───── Study material

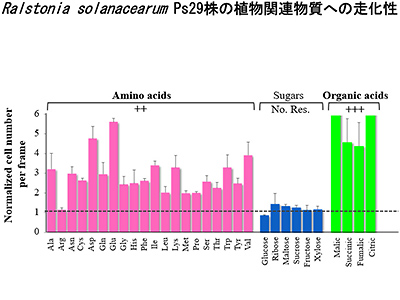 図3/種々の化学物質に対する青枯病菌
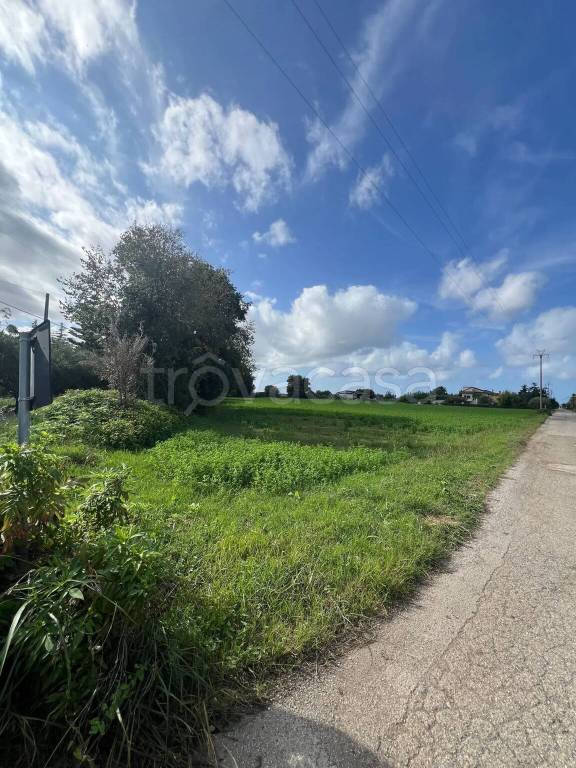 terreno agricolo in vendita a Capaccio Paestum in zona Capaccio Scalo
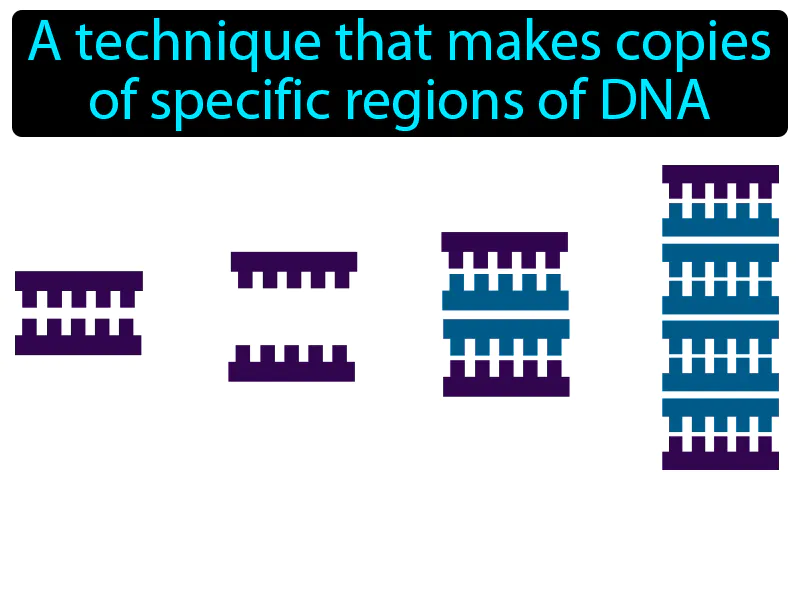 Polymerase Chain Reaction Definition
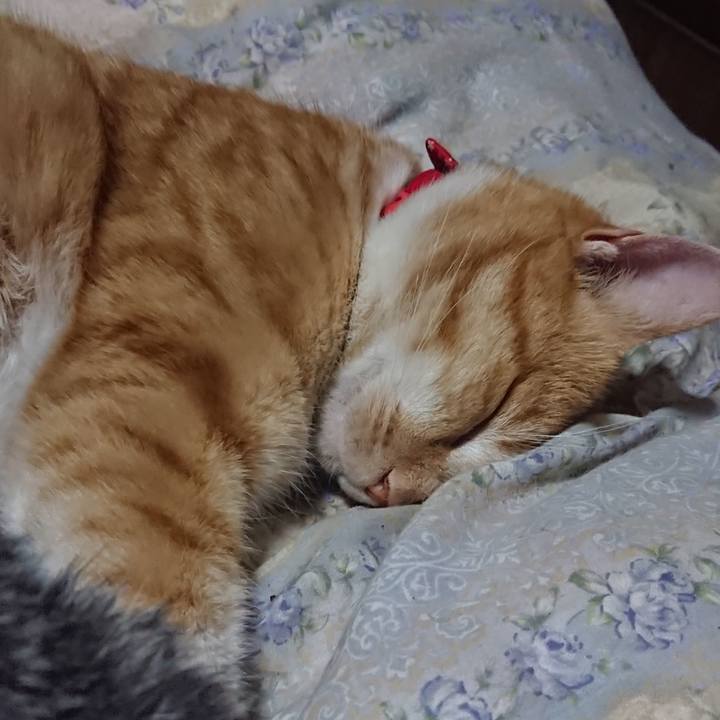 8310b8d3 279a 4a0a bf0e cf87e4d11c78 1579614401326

──────────
───── Study material

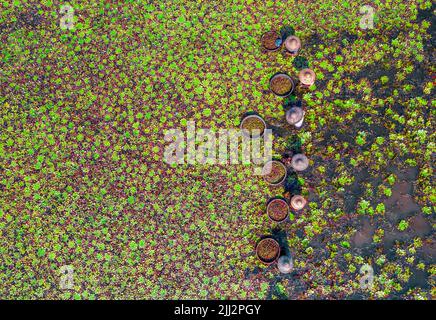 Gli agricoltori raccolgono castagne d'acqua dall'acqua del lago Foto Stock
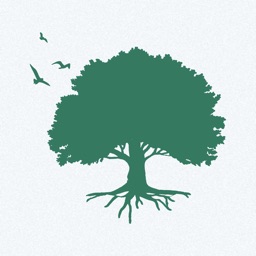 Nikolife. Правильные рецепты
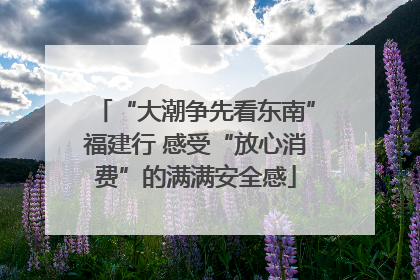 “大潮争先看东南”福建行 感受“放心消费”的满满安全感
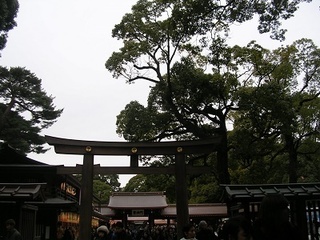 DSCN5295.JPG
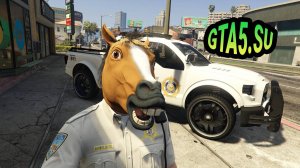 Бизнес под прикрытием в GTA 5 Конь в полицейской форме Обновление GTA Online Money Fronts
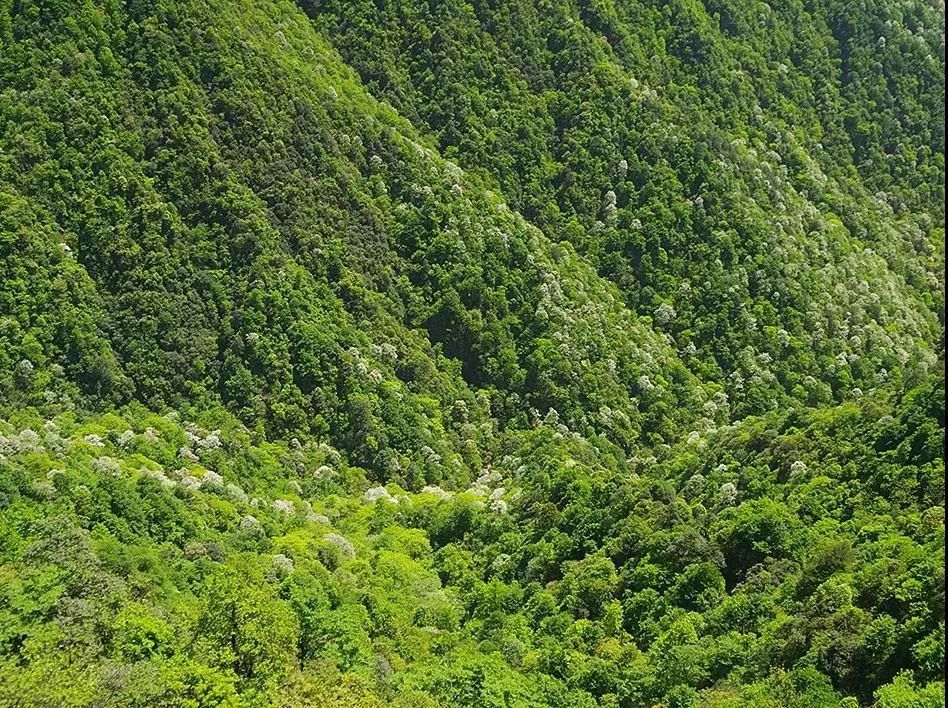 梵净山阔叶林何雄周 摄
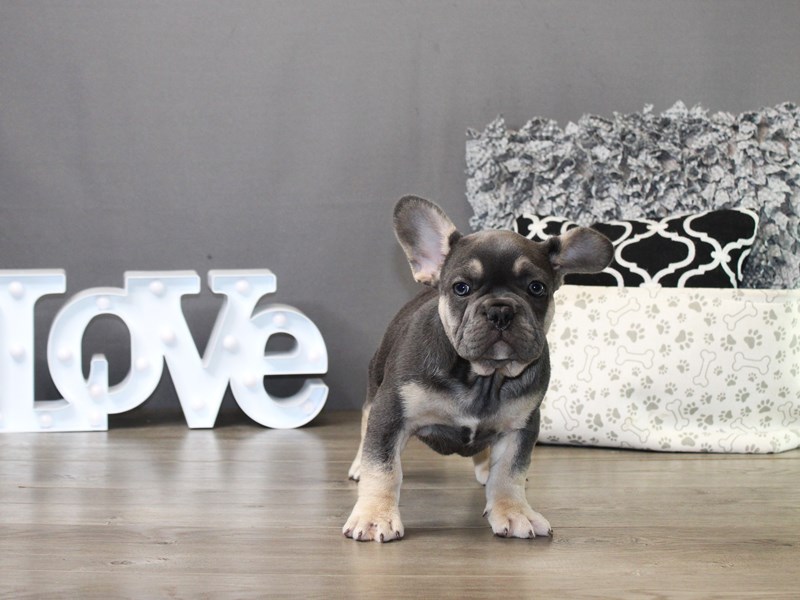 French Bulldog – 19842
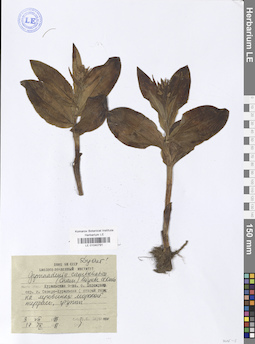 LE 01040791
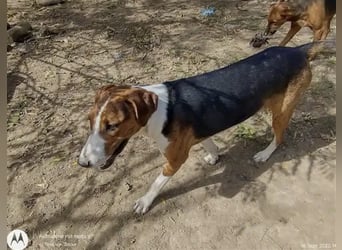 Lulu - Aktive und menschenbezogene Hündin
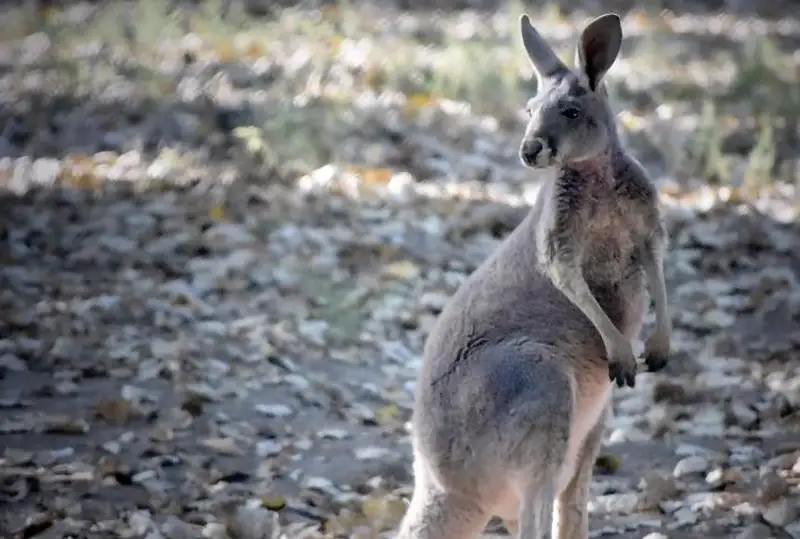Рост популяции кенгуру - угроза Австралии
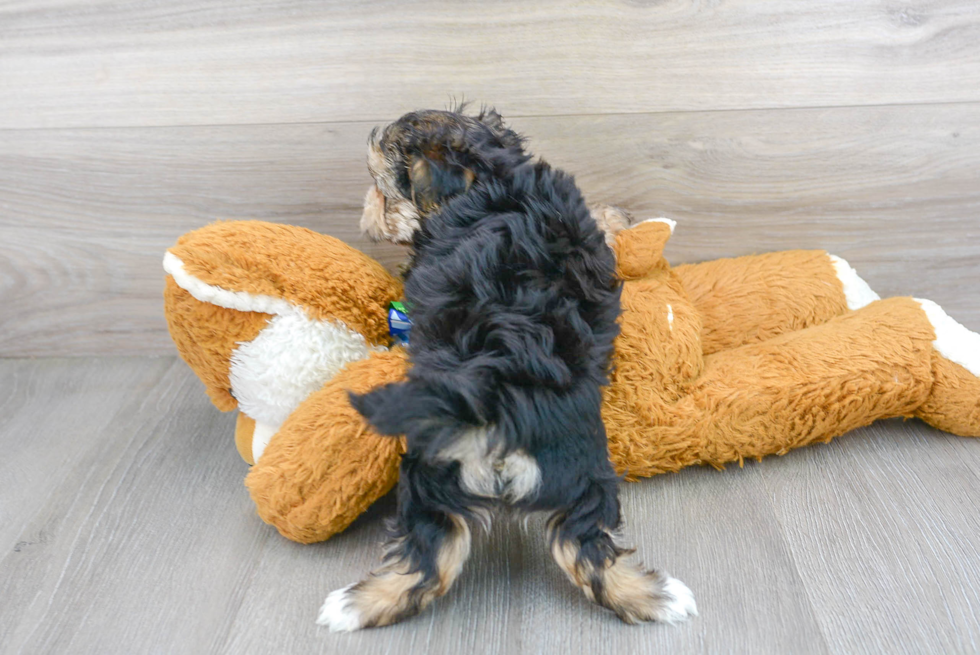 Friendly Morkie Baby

──────────

== Exercise objective ==
With the pictures omitted, copy exactly the lines of the listing above starting at the line containing "図3/種々の化学物質に対する青枯病菌" and ending at the line containing "8310b8d3 279a 4a0a", both included.

== Solution for this problem ==
 図3/種々の化学物質に対する青枯病菌
 terreno agricolo in vendita a Capaccio Paestum in zona Capaccio Scalo
 Polymerase Chain Reaction Definition
 8310b8d3 279a 4a0a bf0e cf87e4d11c78 1579614401326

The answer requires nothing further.